Iceland is Europe’s most sparsely populated country. Over half of the population lives down in its southwestern corner, around Reykjavik, the small but cosmopolitan capital. Iceland straddles the Mid-Atlantic Ridge, on the edge of the Arctic Circle, and is one of the coldest countries in the world. The international airport at Keflavik is on the Reykjanes Peninsula, an area abounding with birdlife and whales are visible from the shore. Most accommodations operate from late May to early September. In winter, other than large hotels in Reykjavik, there’s not many places open.
Since Icelandic weather is very unpredictable you need to plan your holiday with this in mind. In summer, you can count on sunny days. In fact, the sun does not fully set during June, and though there’s no real midnight sun, nights are light from mid-May to early August across the country. In autumn and early summer, between September and January, the Aurora Borealis or Northern Lights can be seen.
Don’t miss Geysir, which lesnds its name to other gushing hot springs, and try to visit the spectacular waterfalls at Gullfoss. On the west coast, are the towns of Borgarnes and Reykhold, you will see landscapes associated with the Icelandic sagas. The Snaefellsnes Peninsula has great hiking opportunities.But Iceland’s most dramatic scenery is in the northwest, where the West Fjords hide tiny fishing villages at the foot of table-top mountains protected from wild Arctic storms that inflict this exposed part of Iceland. From Akureyri you can visit the Arctic Circle at the island of Grimsey. just 75 km to the east of Reykjavik is tiny Minniborg, where your Iceland holiday can take a sporting twist with horseback riding, hiking and quad bike riding.
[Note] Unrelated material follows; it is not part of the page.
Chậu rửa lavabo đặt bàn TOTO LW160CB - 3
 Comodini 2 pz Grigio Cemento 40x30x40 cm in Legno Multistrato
Iceland’s biggest attraction outside Reykjavik is Lake Myvatn, one hour away to the east of Akureyri. Ducks and other waterfowl nest in this lake, which is surrounded by evidence of volcanic activity, including long-dormant cinder cones and still-steaming lava fields. North of Myvatn is the small town of Husavik, the best place for summer whale-watching cruises, while just inland to the east you can hike along deep river gorges of the Jokulsargljufur National Park to the amazing waterfalls of Dettifoss. Aspiring hikers should head for the glacial lagoon, Jokulsarlon, where the Porsmork trail is regarded as one of the world’s best walking trails. In the south coast, take a ferry to the Vestmannaeyjar to see the world’s largest puffin colonies.